Hi can someone explain why my answers are different I am well confused

Check your calculation of the load impedance. What's the magnitude of the impedance that you calculated?

 

[Gremlin]

If you have a time signal of the form $A sin(\omega t + \phi)$ or $A cos(\omega t + \phi)$ then you can use the phasor form $A ∠ \phi$. So then you have the polar form of the signal in the frequency domain. You should already know how to convert a polar form to rectangular form.

Note that it is critical that when you convert a phasor result back to the time domain that you employ the same trig function that you started with otherwise you'll introduce a spurious phase difference (the phase difference between a sine and cosine function).

This question has been killing me for weeks.
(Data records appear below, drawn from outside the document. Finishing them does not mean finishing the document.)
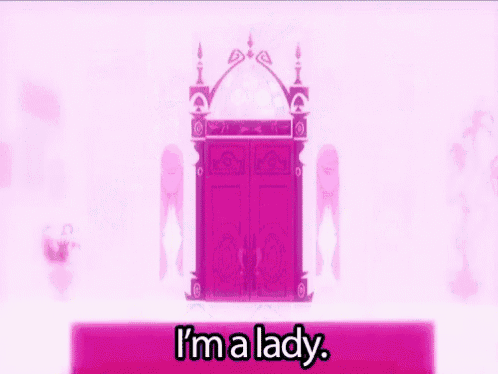 a cartoon character is standing in front of a pink door with the words `` i 'm a lady '' written on it .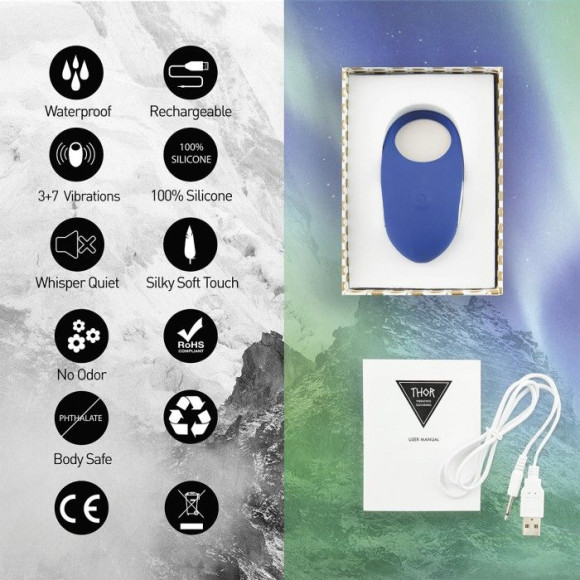 Синее кольцо с вибрацией Thor Cockring Синее кольцо с вибрацией Thor Cockring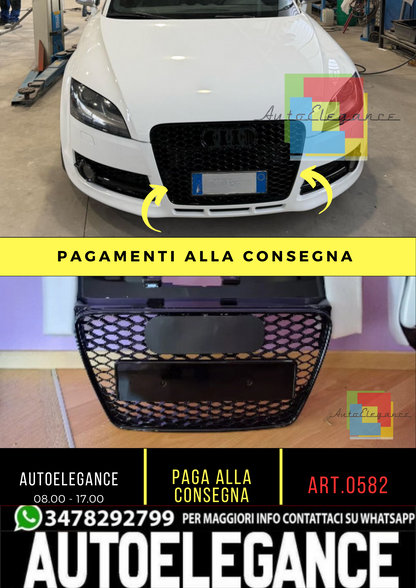 🔥0582 GRIGLIA ADATTA PER AUDI TT 8J 2006-2014 LOOK RSTT NERO LUCIDO🔥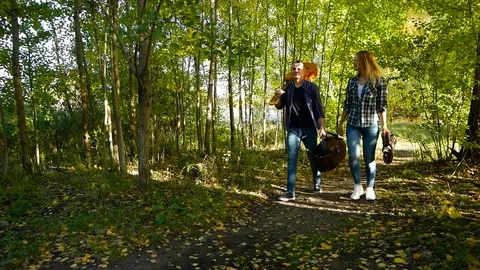 Outing weekend in the autumn forest Stock Footage 81768180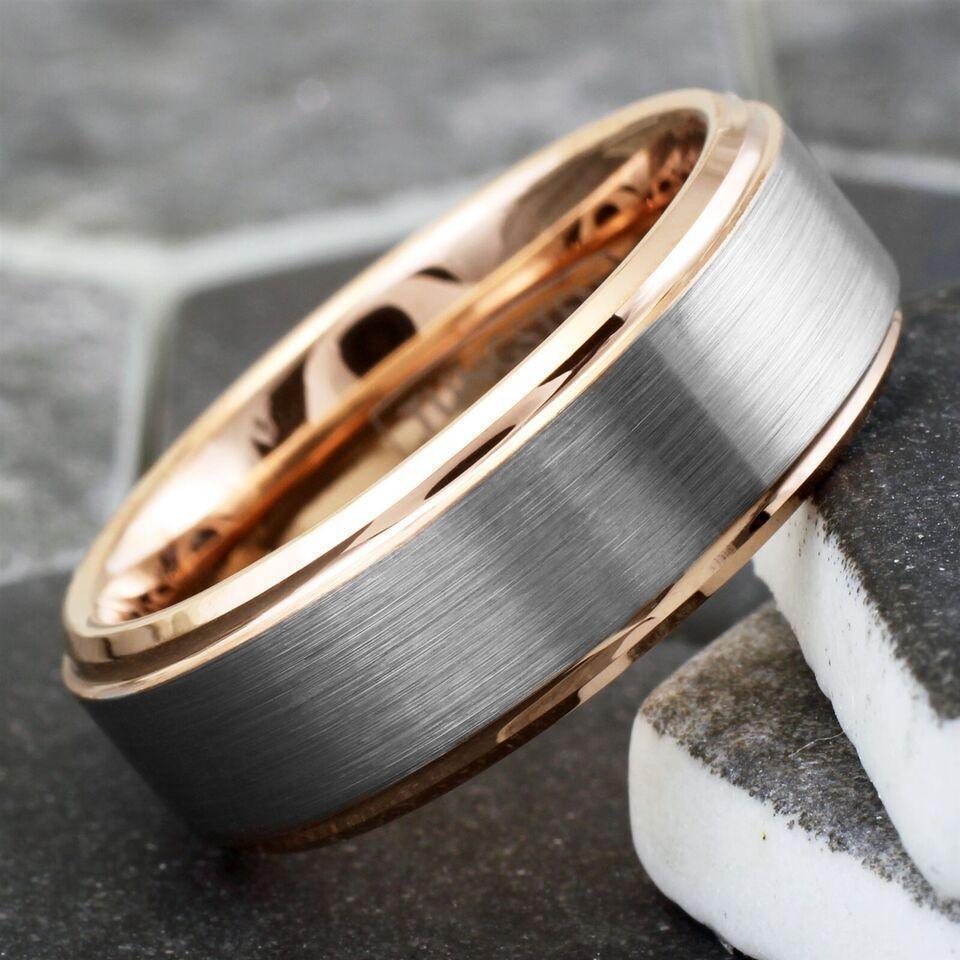6mm Silver Tungsten Carbide Wedding Band Ring for Men & Women – Rose Gold Plated Brushed Center Design - Jewelry Store by Erik Rayo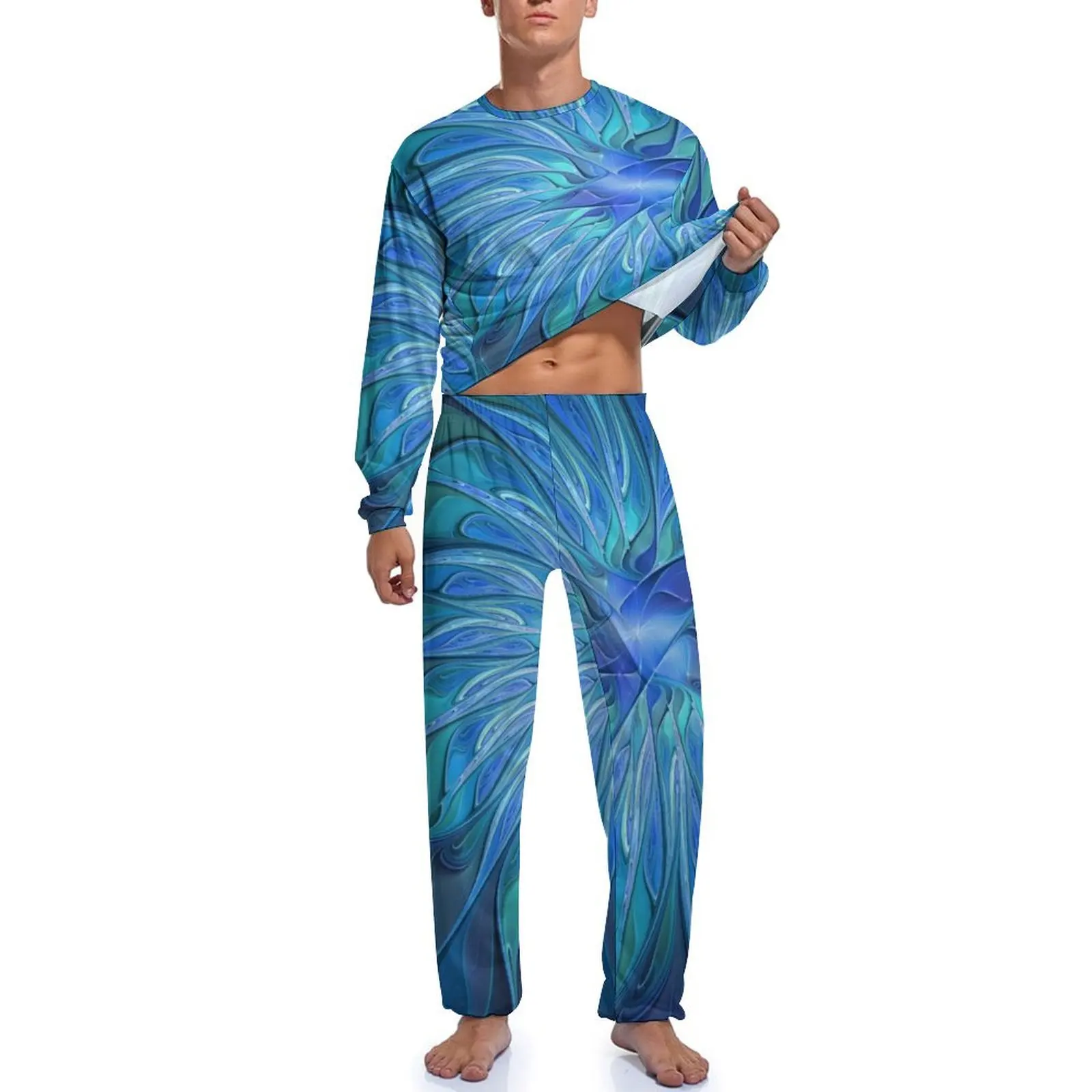 Pijama com estampa de flor azul, manga longa, arte fractal abstrata, duas peças, conjuntos de pijama para casa, primavera, design masculino, roupa de dormir fofa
I thought I was gaining a good understand and this question just blew me away, so I had to look for assistance on the net - I'm a bit relieved that I'm not the only one that's struggled with it.

gneill, I looked at your post #17 (below) and went away to try and make the voltages based on the same trig function and the t time aspect of it completely knackered me, as I had no idea how to get rid of it. Then I see your post above - and I don't think I have come across that in my course notes - and it almost looks too easy. You can just lose $sin(\omega t)$ or $cos(\omega t)$ and that's OK?

Initially we're told that v1 = √2 x 415 x (cos (100 x pi x t)) Volts

and we're then saying that:

v1 = 415 ∠ 0 Volts and subsequently that v2 = 415 ∠ 90 Volts as (sin (x) = cos (90 - x)) and 90-0 = 90.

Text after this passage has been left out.